C’est l’un de ces soirs où la morosité écrase l’espoir, où l’amertume décime les âmes les plus fringantes. La fureur de vie de d’Arenthon s’est éteinte, ne laissant plus qu’un silence pesant s’introduire dans la pièce dans laquelle il est en train de sombrer, allongé sur des draps rêches et froids. Il est las, il est épuisé par ces dernières semaines pleines d’infortunes, d’incertitudes et de tourments. Ses paupières sont closes, pour mieux dissimuler un regard qui a perdu tout son éclat, un regard mort de toute frénésie. Un léger souffle s’échappe entre ses lèvres, un soupire qui trahit la douleur qu’il éprouve et qui le transcende avec fureur.

Car son épaule est mutilée, une lame étant venue arracher sa chaire et visiter son corps au cœur de la nuit. Le cruel saltimbanque responsable de ce geste s’en est allé, abandonnant au creux d’un fossé les voyageurs qui ont eu la prétention de défier la prudence. Theos, fort d’un incomparable orgueil s’était efforcé, tout au long de la journée, de taire la gravité de sa blessure, n’indiquant qu’il ne s’agissait que d’une légère plaie. Mais plus les heures avaient avancé, plus son état s’était dégradé. La fièvre le tenait alité et le transportait dans des délires insidieux.
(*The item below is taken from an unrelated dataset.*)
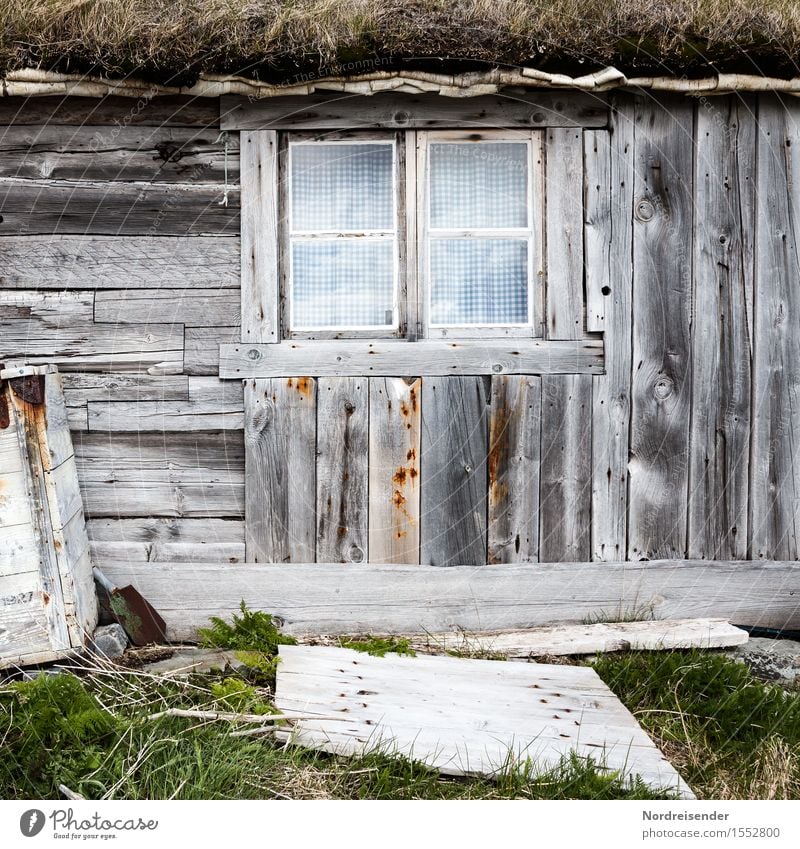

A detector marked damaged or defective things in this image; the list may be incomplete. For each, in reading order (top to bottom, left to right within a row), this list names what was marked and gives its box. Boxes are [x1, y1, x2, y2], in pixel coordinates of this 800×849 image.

rusty metal piece [9, 376, 45, 406]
Deux voix vicieuses pénètrent son esprit et écartèlent sa raison.


- Sa jalousie te tue ! Elle ne te fait pas confiance, elle doute de toi, de tes sentiments, de la déférence que tu nourris pour elle !

- Ton comportement est aussi indigne qu’honteux ! A force de jouer avec le feu, tu te bruleras les ailes et finiras par te consumer dans les Enfers ! Ce que tu mérites incontestablement ! On finira par cracher sur ton nom, sur ton honneur !
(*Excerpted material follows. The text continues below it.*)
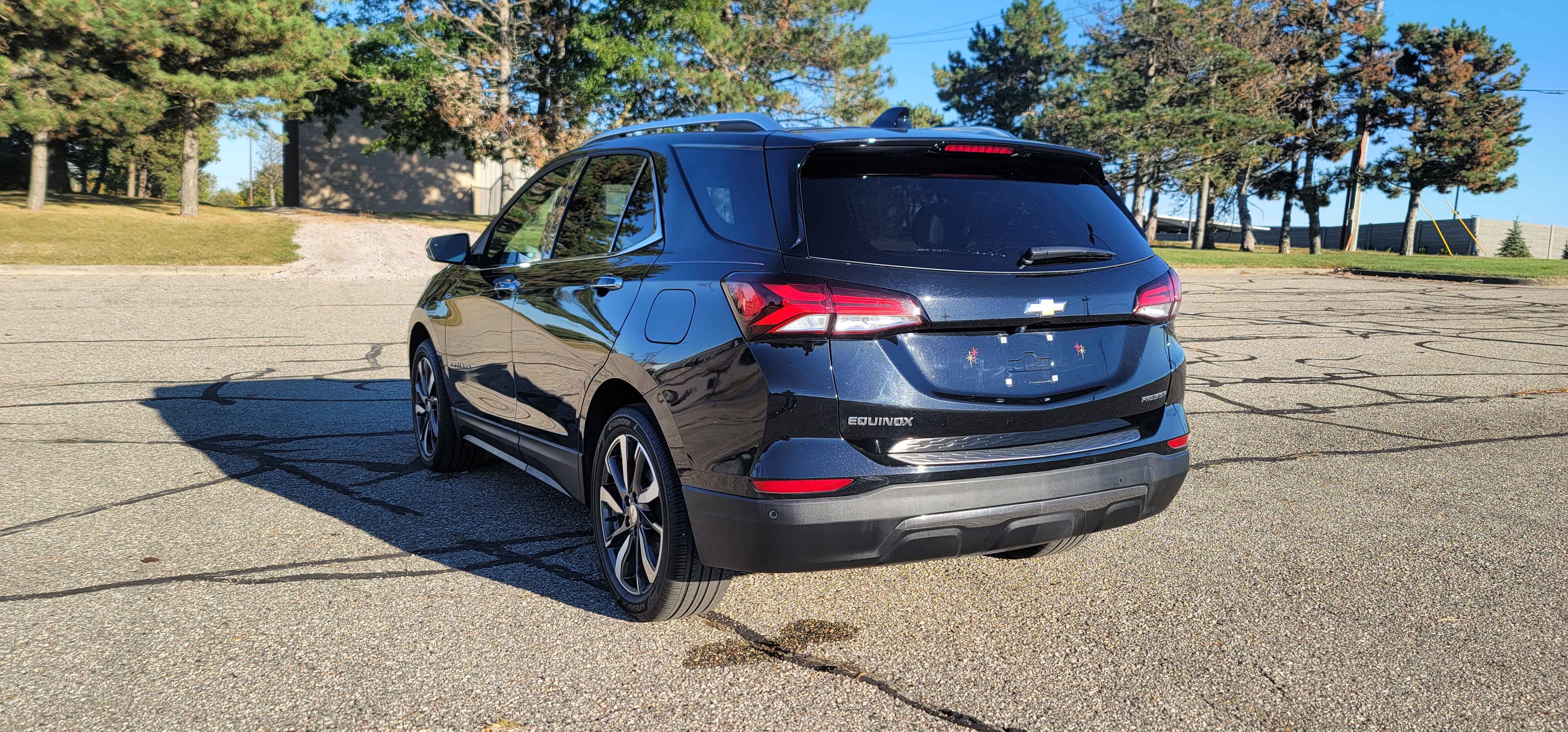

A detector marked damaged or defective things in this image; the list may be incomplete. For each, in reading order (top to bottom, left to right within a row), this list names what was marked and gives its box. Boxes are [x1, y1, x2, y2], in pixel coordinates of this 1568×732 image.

patched asphalt [0, 273, 1562, 730]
- Elle voudrait que tu changes, que tu cesses de plaire, que tu deviennes l’un de ces hommes médiocres qui vivent comme des loques, dépouillés de leurs rêves et de leur virilité. Un minable bonhomme sans audace, sans insolence, sans ce charisme qui te caractérise tant.

- N’as-tu pas éprouvé de l’attirance pour une autre qu’elle ? Tes sentiments ne t’ont-il pas trompé pour te faire flirter avec l’impensable ? As-tu conscience d’avoir franchi les limites de la loyauté ? Tu deviens lubrique, animé par des désirs malsains ! Parviendras-tu à te maîtriser encore longtemps ? Ne finiras-tu pas par céder à ce que tu t’interdits depuis longtemps ?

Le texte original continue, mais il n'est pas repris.